Part XVIII: Islam and Democracy
by Abu Daoud
June 18, 2008
Presently there exists in a large and important Middle Eastern country an effort to introduce democratic government. Indeed many of the people express a desire for greater freedom, and one might think that this would go hand in hand with some form of representative democracy, wherein no one party has all power and sides are forced to compromise and accommodate differing view points.
What is missing from this calculation is the fact that Islam is religion plus, as I pointed out in Parts IV and V of this series. Not only does it come with a complete set of ritual and doctrinal elements, it also presents a complete economic model (coming soon to a city near you in the form of Islamic banking, which is growing robustly) and a fairly detailed political model that does not include elements or practices traditionally associated with democracy at all.
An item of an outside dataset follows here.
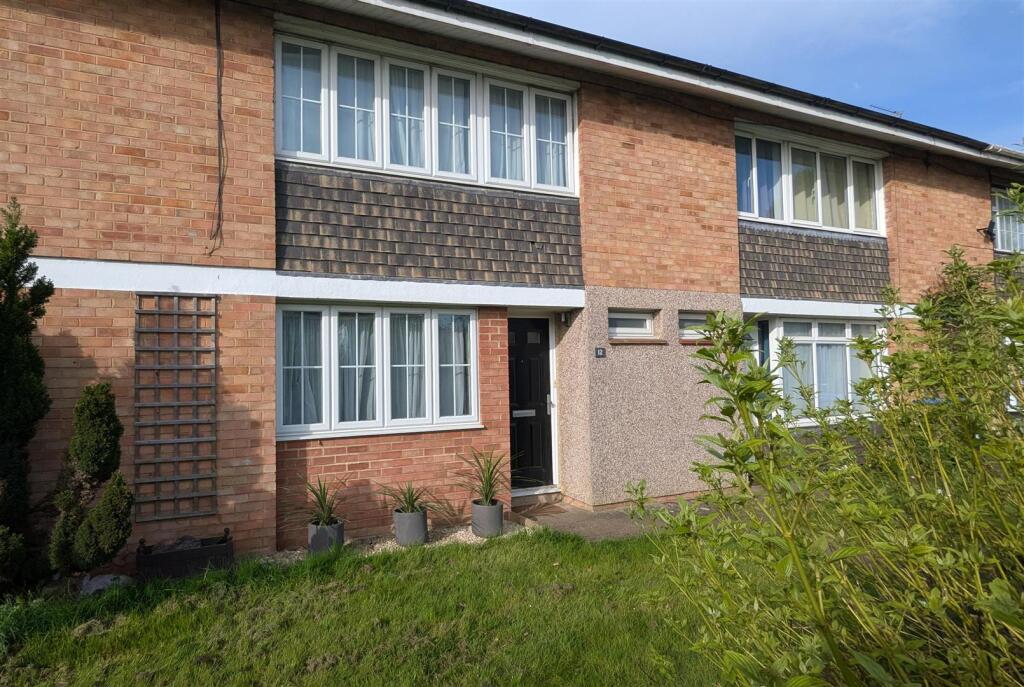Greville Close, Welham Green
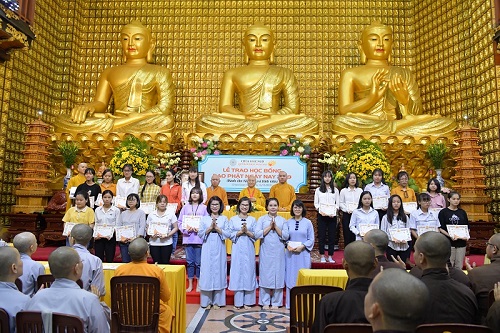 Tổng Kết Chương Trình  Trao Tặng Học Bổng Đạo Phật Ngày Nay 2019 (Dành cho sinh viên các trường đại học, cao đẳng tại TP.HCM) (C228)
At the heart of the Islamic polity is the Caliphate. The Arabic verb khalafa means “he succeeded” or “came after”, so a caliph (khaliifa) is the successor in any given office or position. When we speak of an Islamic Caliphate we are talking about the person who succeeds Muhammad. The office has been around for a very long time and is subject to the creative permutations of history: at times there have been more than one caliph, the process for the selection of a caliphate has varied from appointment by tribal elders to hereditary succession to seizure by military coup. At times the caliph has been an extremely important, pious and influential person, at other times he was a debauched pawn of his generals. Also, caliphs have come from numerous ethnicities: Arab, Persian, Albanian, Turkish, Kurdish, Mongol, and so on. Some were Shi’a and some were Sunni. Their capitals ranged from Iberia to Arabia to Asia Minor then over to Southern Asia.
The original division between Sunni and Shi’a Islam was in fact regarding how the caliph should be chosen—by marriage into the Prophet’s family (Muhammad had no sons who survived into adulthood—a great dishonor in Arab culture) or by consultation of the leaders of the Islamic community. The caliphate was dissolved in 1924 by Kemal Ataturk who desired to found a secular nation in Asia Minor (Turkey), and the vast territories of the (Turkish) Ottoman Empire were transferred from Islamic Imperialism to the hands of European Imperialism.
In theory, the Caliph rules over all of the Umma (the Islamic Nation) and his authority respects no national boundaries (which in themselves are theoretically un-Islamic). By virtue of his inheriting the authority of Muhammad his power is at once religious and civil, spiritual and military. He is the one who has the authority to declare an offensive jihaad to aggregate lands and peoples into the Umma until, as Muhammad said, “all religion is for Allah.”
There are today efforts to reinstate the office of the Caliph, but this is probably a pipe-dream. No sovereign nation state will cede power to such a person. Also, the ethnic divisions among Muslims are extraordinarily strong and it is hard to see Nigerians and Albanians, Arabs and Persians, Sunnis and Shi’as agreeing on one person to hold the office. This is the case even for a solely Sunni Caliphate. But it is what it is: the official Islamic form of government and rule according to the sharii’a.
Democracy is, on the other hand, profoundly un-Islamic. The concept of conferring equal decision-making power on men and women, on rich and poor, on pious and wicked—it sounds as bizarre to many Muslims today as it did to Christians in the middle ages. In some ways democracy is in fact anti-Islamic, for Islam seeks to locate all power and authority in the hands of one person who represents the one god, just as Allah is unitarian in his person, so authority is unitarian in nature and is entrusted to one person. Moreover, the democratic impetus to divide power is related to the Christian concept that all humans have a nature corrupted by sin, thus making no one person capable of the unbearable load of absolute power. Compare this to Islam wherein Allah may, as he pleases, grant a person immunity to sin (as he has with the prophets), and wherein sin is understood as a lapse occasioned (probably) by ignorance.
If democracy were to succeed in the Arab Muslim world (something which I think over the long term is unlikely) it would entail a very strong suppression of the traditional Islamic voices who know very well that Islam and democracy have nothing in common. People mention countries like Malaysia and Turkey as examples that Islam and democracy can go hand in hand, but the coming decades will prove them wrong, if recent events are any indicator.
2 comments:
as salamu alaikum
as to your last comment re Democracy in Muslim countries would hurt the people - well, so do the current dictatorships!
I'm not saying "democracy" is the answer, but the current dictatorships are not, either.
And just a reminder: Even the U.S.A. was not set up as a "Democracy" wherein the majority force their views & opinions on the minority.
The U.S.A. was specifically set up as a Republic to avoid such violations of freedom & liberty.
Wa 3aeykum as salam, anonymous.
Thank you for the good insights. My point is that democracy in some very important ways contradicts Islam, not that Western civilization has to be just and fair. But that democracy CAN grow in the West, whereas in the soil of Islamic culture, it would harm Islamic identity.
Of course, less Islamic identity could actually be good for the people.